"Fokus Banten: Info Lokal, Wawasan Global"
Budaya  

Mengukur Persatuan di Hari Raya

Perbedaan dalam Merayakan Lebaran

Lebaran sering kali dianggap sebagai momen kebersamaan yang menyatukan seluruh umat Islam. Namun, tidak semua tahun Lebaran dirayakan dengan kesamaan. Ada tahun-tahun ketika perayaan dilakukan secara bersamaan tanpa ada perdebatan berarti. Tapi juga ada tahun-tahun ketika perbedaan kembali muncul—seolah mengingatkan kita bahwa kesepakatan bersama bukanlah sesuatu yang bisa diperoleh sekali dan untuk selamanya.

Ketika perbedaan muncul, seperti pada tahun ini, ia tidak hanya menjadi variasi teknis. Ia justru memunculkan pertanyaan lama: mengapa dalam momen penting seperti Lebaran, kita masih belum bisa berjalan seiringan? Ini bukan tentang seberapa sering perbedaan terjadi, melainkan tentang makna yang terkandung di balik setiap perbedaan tersebut.

Di permukaan, masalah ini sering dipahami sebagai perbedaan metode—antara hisab dan rukyat, antara perhitungan dan pengamatan. Kedua metode ini memiliki dasar yang kuat, argumen yang terstruktur, serta pengikut yang yakin akan kebenaran masing-masing. Tidak ada pihak yang benar-benar salah. Namun justru karena itu, perbedaan sulit untuk dijembatani. Ketika semua merasa benar, tidak ada yang merasa perlu bergeser.

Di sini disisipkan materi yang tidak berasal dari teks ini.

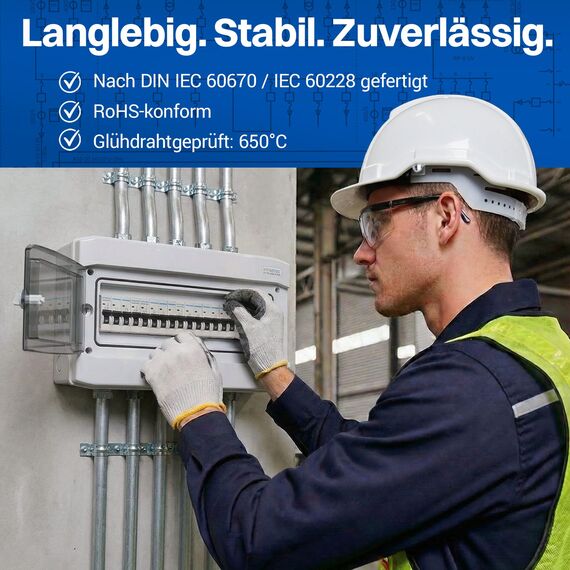 Intratec Verteilerkasten Aufputz 1 reihig – IP65 Sicherungskasten für 18 Module – Feuchtraum Verteiler für Garten, Keller, Garage & Außenbereich – 400VAC 1500VDC Kleinverteiler, 260 x 428 x 142 mm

Tetapi jika ditelusuri lebih dalam, persoalan ini tidak hanya berhenti pada metode. Ia menyentuh hal-hal yang lebih mendasar: bagaimana otoritas dibentuk, bagaimana kepercayaan dipertahankan, dan bagaimana posisi dijaga. Mengapa dalam beberapa kasus ada pihak yang lebih dahulu mengumumkan, sementara pihak lain tetap setia pada proses yang panjang dan kolektif? Jawaban dari pertanyaan ini tidak selalu teknis. Ada aspek sosial dan psikologis yang bekerja di baliknya.

Di Antara Keyakinan dan Kesediaan Mengalah

Dalam kehidupan beragama, umat biasanya mengikuti rujukan yang mereka percaya. Keputusan-keputusan penting tidak diambil secara individu, melainkan melalui otoritas yang dianggap memiliki legitimasi keilmuan dan moral. Maka, jika para pemimpin—seperti ulama, cendekiawan, atau institusi—mampu mencapai kesepakatan, perbedaan di tingkat akar rumput hampir pasti akan mengecil.

Namun kenyataannya, kesepakatan itu tidak selalu mudah tercapai. Ada keyakinan yang ingin dipertahankan, ada metode yang telah lama dipegang, dan mungkin juga ada dorongan untuk tetap menjadi rujukan utama. Dalam konteks ini, perbedaan tidak sepenuhnya lahir dari ketidaktahuan, tetapi justru dari keyakinan yang terlalu kuat untuk dinegosiasikan.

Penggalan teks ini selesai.